(Exercise brief): Print every entry exactly as it appears, but skip the pictures.

Stored items:
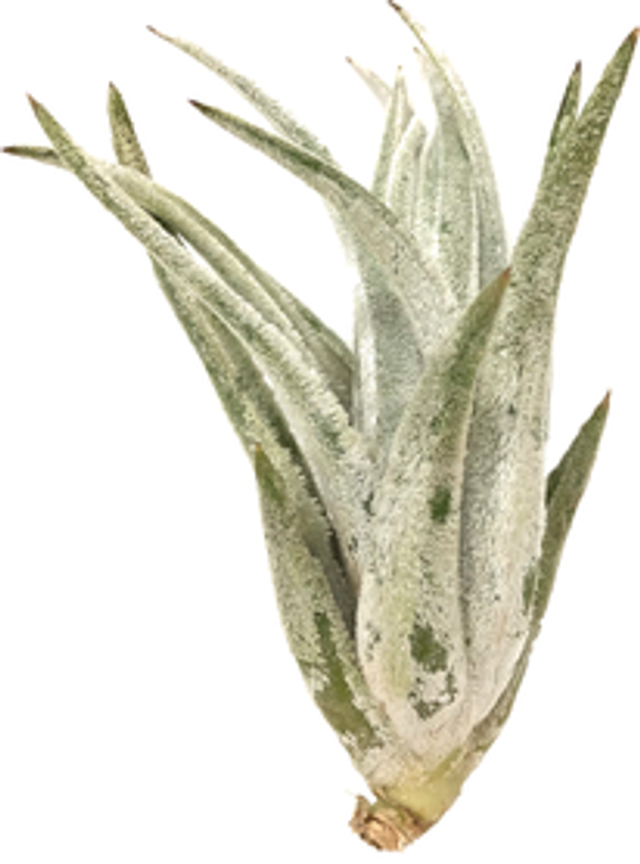Tillandsia mitlaensis17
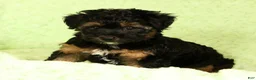 Yorkiepoo dogs for sale: Patriot - Ad 9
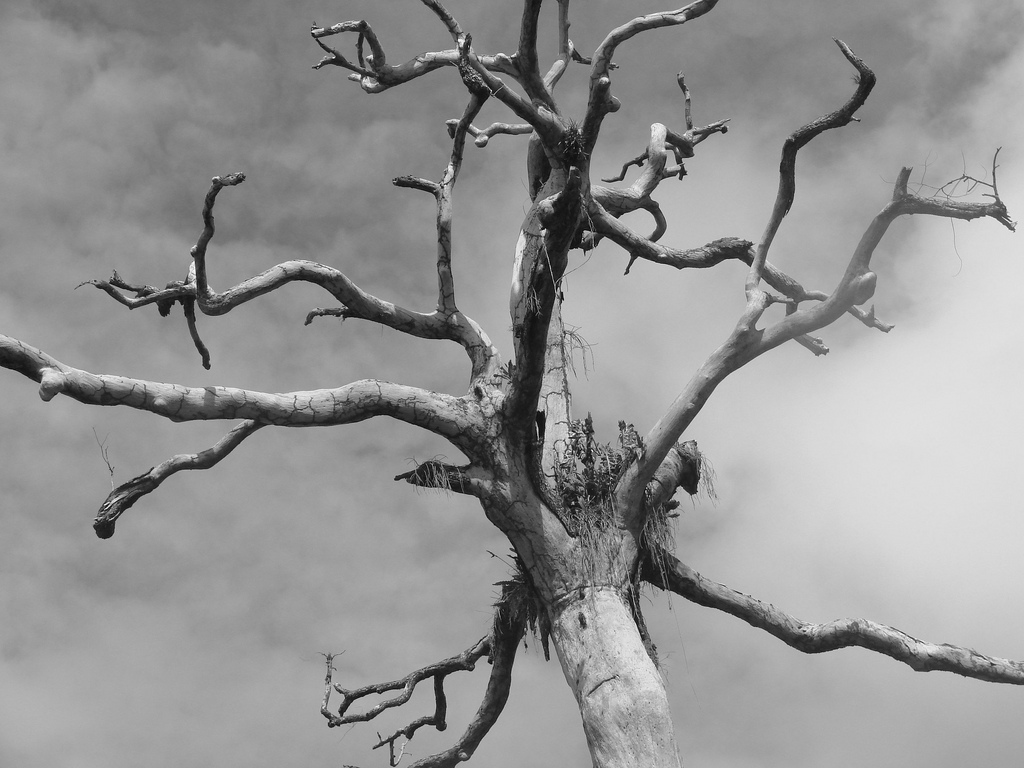 Earth provides enough to satisfy every man's needs, but not every man's greed. - Mahatma Gandhi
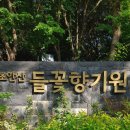 제570회 행복걷기 초안산( 명품길)공지 이미지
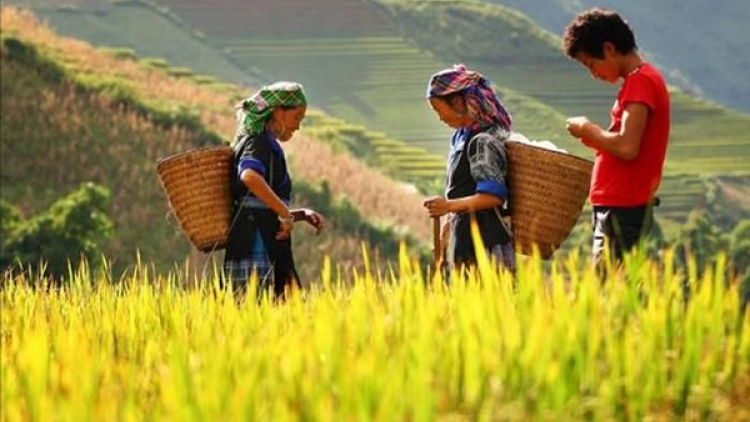 Thái Nguyên: Định mức mới xác định hộ đồng bào dân tộc thiếu đất sản xuất
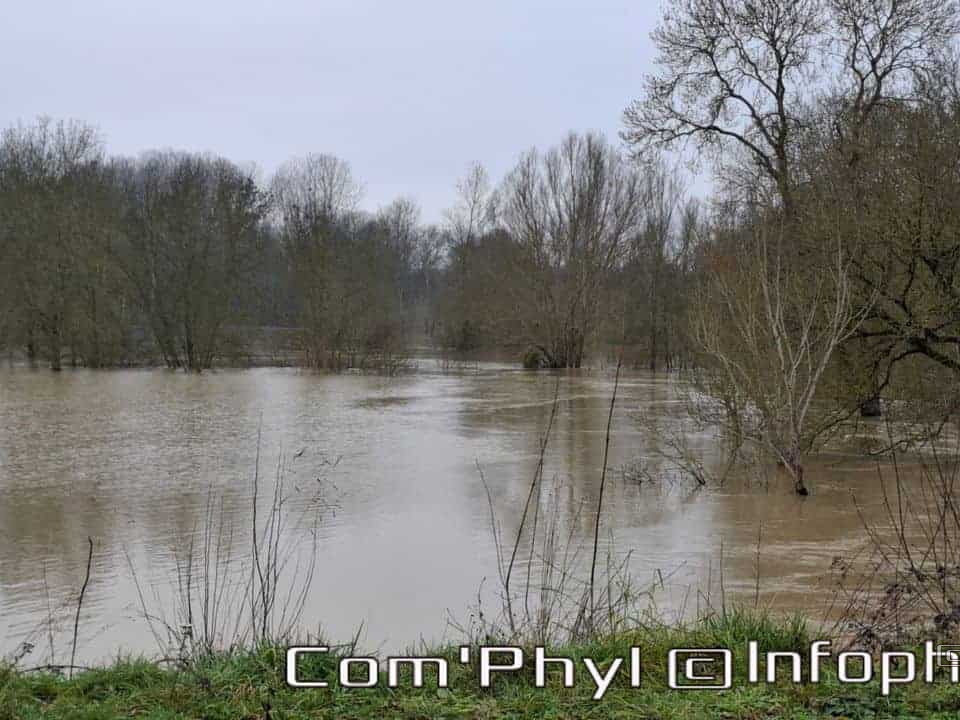 inondation-2025-rivesduloiranjou-comphyl49-08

(Exercise solution):
Tillandsia mitlaensis17
 Yorkiepoo dogs for sale: Patriot - Ad 9
 Earth provides enough to satisfy every man's needs, but not every man's greed. - Mahatma Gandhi
 제570회 행복걷기 초안산( 명품길)공지 이미지
 Thái Nguyên: Định mức mới xác định hộ đồng bào dân tộc thiếu đất sản xuất
 inondation-2025-rivesduloiranjou-comphyl49-08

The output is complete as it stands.